Collection entries:

────────────────────

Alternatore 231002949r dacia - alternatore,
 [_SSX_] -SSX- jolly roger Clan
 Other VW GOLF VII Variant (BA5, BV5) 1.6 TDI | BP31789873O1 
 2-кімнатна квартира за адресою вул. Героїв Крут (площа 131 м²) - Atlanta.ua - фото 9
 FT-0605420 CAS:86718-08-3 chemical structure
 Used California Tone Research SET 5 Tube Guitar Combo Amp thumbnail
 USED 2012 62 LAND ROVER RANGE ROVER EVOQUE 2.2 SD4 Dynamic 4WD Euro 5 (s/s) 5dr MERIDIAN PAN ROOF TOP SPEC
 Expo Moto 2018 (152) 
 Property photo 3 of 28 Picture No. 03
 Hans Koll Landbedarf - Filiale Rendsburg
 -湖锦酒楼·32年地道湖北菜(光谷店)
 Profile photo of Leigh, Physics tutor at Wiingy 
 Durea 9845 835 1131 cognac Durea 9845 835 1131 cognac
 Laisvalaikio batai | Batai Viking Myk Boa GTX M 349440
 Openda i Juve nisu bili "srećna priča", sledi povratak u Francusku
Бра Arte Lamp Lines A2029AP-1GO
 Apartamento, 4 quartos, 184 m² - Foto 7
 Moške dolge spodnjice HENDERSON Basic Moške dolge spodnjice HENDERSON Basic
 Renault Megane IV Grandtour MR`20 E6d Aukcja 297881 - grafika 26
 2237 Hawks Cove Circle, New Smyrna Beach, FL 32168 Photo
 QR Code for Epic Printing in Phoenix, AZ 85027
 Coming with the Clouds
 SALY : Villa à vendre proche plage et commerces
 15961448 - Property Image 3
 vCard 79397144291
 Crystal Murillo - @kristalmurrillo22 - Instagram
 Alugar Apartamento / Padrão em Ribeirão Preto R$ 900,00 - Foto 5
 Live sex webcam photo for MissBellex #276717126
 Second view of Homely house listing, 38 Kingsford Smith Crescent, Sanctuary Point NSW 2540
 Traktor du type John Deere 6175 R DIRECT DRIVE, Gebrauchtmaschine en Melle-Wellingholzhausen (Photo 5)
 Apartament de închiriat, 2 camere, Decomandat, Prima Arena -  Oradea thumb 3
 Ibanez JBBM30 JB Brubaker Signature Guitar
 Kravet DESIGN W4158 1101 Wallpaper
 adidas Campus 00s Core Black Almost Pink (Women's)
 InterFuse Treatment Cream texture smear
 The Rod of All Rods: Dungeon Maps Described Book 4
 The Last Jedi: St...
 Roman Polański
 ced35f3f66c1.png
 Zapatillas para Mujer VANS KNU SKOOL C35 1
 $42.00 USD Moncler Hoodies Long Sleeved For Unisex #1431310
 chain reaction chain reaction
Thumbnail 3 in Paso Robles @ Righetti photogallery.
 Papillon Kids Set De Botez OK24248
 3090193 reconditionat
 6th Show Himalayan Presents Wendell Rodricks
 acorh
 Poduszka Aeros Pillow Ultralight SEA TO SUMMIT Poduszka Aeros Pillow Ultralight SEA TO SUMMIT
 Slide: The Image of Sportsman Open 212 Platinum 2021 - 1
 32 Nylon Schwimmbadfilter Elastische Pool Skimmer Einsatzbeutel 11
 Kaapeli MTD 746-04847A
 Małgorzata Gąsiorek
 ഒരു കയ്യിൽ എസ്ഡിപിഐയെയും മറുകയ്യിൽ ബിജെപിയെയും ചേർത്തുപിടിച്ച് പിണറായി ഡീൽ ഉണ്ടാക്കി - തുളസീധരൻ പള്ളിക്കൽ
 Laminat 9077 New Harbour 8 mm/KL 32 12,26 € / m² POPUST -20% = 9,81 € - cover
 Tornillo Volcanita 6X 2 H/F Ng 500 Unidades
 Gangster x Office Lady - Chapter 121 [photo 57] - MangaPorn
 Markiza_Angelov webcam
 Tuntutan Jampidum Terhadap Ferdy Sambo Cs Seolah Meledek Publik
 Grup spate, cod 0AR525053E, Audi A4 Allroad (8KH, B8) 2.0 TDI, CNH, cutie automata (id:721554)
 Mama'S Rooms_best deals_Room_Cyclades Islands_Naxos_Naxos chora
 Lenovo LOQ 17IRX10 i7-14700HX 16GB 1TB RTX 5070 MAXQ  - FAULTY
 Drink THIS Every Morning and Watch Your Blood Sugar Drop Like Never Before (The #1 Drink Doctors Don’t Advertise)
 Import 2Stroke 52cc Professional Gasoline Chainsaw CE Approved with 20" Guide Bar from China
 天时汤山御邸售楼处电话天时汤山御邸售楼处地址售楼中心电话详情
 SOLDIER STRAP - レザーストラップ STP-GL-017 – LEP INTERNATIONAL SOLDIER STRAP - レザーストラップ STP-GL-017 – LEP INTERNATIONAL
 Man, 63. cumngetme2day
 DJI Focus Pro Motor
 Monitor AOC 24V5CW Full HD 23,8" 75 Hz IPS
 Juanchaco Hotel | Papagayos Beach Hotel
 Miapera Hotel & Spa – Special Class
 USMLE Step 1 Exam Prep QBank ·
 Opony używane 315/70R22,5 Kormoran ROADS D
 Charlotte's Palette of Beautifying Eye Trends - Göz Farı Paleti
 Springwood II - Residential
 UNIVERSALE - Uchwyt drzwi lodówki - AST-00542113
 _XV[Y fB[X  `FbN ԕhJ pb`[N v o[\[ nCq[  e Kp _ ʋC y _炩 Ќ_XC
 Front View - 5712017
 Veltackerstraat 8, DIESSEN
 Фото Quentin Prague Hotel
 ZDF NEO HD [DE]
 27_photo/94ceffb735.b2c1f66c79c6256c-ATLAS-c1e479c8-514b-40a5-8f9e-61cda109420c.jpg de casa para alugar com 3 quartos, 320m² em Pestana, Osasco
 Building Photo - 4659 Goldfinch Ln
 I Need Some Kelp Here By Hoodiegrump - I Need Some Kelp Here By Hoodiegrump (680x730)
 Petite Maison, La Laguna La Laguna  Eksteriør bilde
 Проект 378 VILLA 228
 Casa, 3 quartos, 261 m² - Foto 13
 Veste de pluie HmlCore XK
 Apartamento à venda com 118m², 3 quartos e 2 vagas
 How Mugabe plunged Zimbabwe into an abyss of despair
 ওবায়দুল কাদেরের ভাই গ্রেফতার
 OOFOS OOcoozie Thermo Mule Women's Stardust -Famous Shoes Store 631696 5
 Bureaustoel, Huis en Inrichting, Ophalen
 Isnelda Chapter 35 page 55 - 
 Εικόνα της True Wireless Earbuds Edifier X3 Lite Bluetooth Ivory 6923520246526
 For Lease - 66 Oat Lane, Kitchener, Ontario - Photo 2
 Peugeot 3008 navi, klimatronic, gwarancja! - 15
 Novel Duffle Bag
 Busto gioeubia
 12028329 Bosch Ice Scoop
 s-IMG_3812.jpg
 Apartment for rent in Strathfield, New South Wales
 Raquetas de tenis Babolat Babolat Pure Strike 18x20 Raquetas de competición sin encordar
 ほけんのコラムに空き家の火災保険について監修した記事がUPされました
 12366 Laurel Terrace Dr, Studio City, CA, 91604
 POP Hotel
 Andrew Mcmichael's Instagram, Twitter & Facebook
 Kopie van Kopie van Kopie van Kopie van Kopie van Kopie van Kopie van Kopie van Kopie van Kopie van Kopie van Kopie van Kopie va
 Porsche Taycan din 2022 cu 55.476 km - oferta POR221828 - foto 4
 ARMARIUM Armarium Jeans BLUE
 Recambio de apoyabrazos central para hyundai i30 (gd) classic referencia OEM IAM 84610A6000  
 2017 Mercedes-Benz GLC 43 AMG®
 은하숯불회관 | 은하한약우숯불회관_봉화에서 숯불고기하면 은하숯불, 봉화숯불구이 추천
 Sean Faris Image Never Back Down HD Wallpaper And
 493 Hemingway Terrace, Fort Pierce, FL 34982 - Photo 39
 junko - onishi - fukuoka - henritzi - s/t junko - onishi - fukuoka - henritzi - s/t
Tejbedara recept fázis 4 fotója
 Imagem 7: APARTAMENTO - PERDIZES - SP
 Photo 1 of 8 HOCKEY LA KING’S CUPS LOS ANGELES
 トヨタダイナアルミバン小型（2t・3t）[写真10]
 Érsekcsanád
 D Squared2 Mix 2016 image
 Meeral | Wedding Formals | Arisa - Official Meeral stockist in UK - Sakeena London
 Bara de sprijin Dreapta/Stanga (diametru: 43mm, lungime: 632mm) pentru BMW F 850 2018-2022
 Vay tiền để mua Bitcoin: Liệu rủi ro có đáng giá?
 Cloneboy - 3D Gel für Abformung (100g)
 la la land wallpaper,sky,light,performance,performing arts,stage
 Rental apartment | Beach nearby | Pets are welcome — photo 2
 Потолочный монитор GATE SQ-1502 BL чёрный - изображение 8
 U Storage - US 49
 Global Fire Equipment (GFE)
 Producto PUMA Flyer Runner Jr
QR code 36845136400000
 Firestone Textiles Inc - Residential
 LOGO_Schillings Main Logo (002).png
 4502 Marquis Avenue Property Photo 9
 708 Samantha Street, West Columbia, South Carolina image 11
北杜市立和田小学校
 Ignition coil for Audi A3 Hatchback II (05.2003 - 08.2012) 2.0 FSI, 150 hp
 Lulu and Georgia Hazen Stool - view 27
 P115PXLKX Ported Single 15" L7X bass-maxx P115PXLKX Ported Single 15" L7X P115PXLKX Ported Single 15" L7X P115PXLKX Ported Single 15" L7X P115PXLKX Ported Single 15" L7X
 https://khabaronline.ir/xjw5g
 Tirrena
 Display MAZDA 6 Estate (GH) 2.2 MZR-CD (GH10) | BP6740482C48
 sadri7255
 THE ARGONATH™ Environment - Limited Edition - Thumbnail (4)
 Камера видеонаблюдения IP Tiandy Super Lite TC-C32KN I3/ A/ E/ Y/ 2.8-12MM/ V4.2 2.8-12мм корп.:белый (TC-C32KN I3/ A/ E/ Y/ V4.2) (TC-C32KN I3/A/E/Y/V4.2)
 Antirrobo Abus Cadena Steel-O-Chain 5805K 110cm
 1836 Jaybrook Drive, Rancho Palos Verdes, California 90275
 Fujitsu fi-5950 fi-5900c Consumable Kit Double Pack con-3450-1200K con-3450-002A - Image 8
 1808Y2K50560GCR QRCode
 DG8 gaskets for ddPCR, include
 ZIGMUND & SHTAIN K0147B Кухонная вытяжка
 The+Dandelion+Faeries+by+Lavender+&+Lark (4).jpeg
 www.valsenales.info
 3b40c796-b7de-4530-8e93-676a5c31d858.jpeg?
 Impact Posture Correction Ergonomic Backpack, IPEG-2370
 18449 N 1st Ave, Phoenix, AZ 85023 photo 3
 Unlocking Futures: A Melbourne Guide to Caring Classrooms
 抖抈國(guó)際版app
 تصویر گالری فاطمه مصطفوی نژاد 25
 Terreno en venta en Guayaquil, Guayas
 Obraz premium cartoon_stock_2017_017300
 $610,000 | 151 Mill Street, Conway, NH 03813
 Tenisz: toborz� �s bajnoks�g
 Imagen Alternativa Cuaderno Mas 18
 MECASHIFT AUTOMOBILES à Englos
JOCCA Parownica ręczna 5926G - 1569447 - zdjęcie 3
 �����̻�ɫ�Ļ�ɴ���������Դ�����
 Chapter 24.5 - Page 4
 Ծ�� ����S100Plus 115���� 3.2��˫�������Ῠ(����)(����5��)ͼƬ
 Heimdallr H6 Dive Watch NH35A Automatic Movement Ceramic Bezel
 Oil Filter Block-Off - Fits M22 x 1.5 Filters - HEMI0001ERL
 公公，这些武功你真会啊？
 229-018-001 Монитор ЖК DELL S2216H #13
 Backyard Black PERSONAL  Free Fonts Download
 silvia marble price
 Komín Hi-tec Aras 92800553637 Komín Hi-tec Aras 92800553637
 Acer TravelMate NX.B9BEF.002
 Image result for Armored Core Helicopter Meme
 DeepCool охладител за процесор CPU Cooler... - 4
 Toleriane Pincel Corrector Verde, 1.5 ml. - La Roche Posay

────────────────────

YOUR TASK: Each line containing the word "para" needs to be copied from the data above.

RESPONSE AREA:
 Zapatillas para Mujer VANS KNU SKOOL C35 1
 27_photo/94ceffb735.b2c1f66c79c6256c-ATLAS-c1e479c8-514b-40a5-8f9e-61cda109420c.jpg de casa para alugar com 3 quartos, 320m² em Pestana, Osasco
 Recambio de apoyabrazos central para hyundai i30 (gd) classic referencia OEM IAM 84610A6000  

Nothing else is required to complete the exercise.